Principals, Human Resources directors and superintendents from the state’s major urban school districts gathered for two days in New Haven to meet with representatives from historically black colleges and universities about bringing their graduates to Connecticut for education jobs.
“To discuss how we can create a pipeline of minority teachers from the south up to the north to get into our classrooms,” said Scot X. Esdaile, president of the NAACP of Connecticut, which co-hosted the symposium with New Haven Public School.
Debbie Breland grew up in North Carolina and graduated from Fayetteville State University.
“Being an HBCU graduate I was recruited to New Haven back in 1987 to come teach high school English,” Breland said.
Almost thirty years later, Breland is now the New Haven School District’s minority teacher recruitment coordinator.
Only about a quarter of teachers in New Haven Public Schools are black and Latino, while minorities make up 80 percent of the student population, Breland said.
“There aren’t a lot of minorities going into education as they used to be,” she added.
Officials from the state’s Department of Education addressed the guests from the HBCUs.

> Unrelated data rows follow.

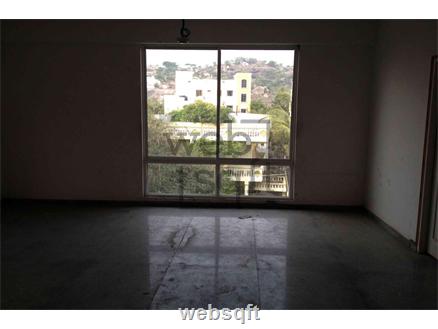 Commercial Office Space for Rent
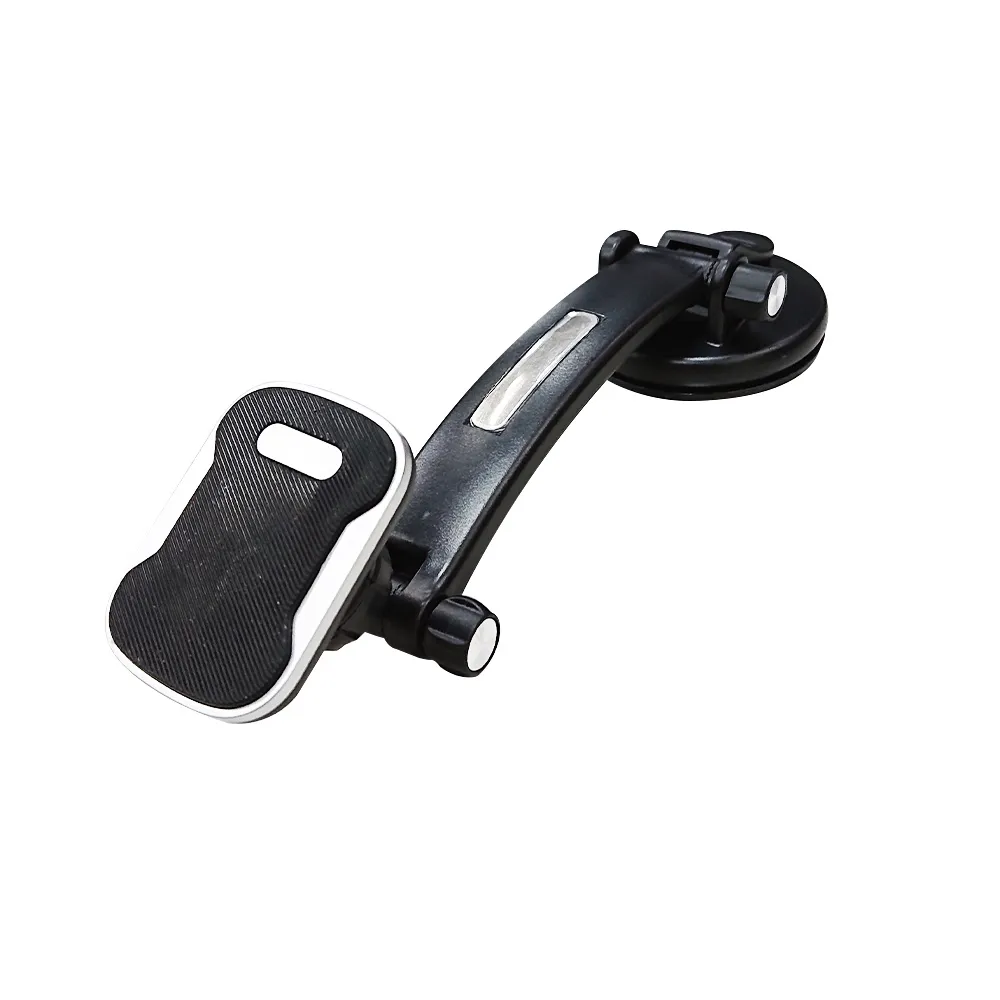 【TW焊馬】頂級T6 LED 兩用式電池盒頭燈CY-H5208 歷史價格詳細信息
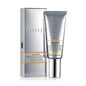 Elizabeth Arden Prévage City Elizabeth Arden Smart Hydratant Shield Crème 40 Ml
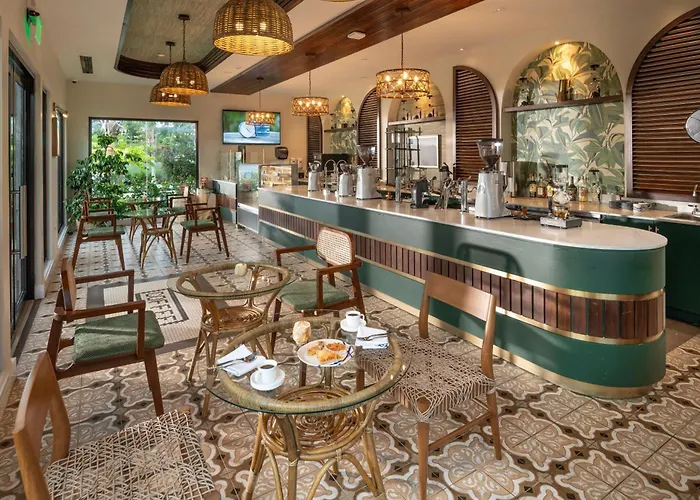 Sandals Dunns River Villaggio 5* Ocho Rios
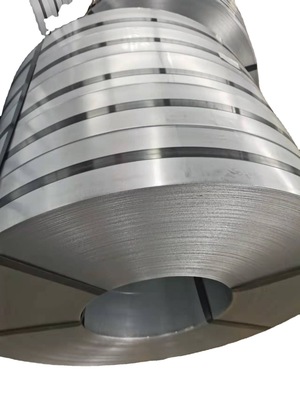 宝钢BR1500HSB1500HS材质酸洗卷冷轧卷防撞杆防撞梁焊管原材料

“So that they would understand the certification process in Connecticut and they can take that information back and try to make it even with their educational programs to ready their students to come to Connecticut to become teachers,” Breland said.
Beyond recruiting education majors from the south, Breland said the district hopes to inspire its own students to consider careers in education.
“I have a daughter who is a senior in high school and she aspires to be an elementary school teacher,” Breland said, “so I’m adding to it by growing my own, so eventually she’ll be in a classroom teaching autistic children.”
Retirements are partly to blame for the dwindling number of minority teachers in urban school districts, Esdaile told NBC Connecticut.
New Haven is hoping to recruit minorities to fill both teaching and administrative positions, Breland said.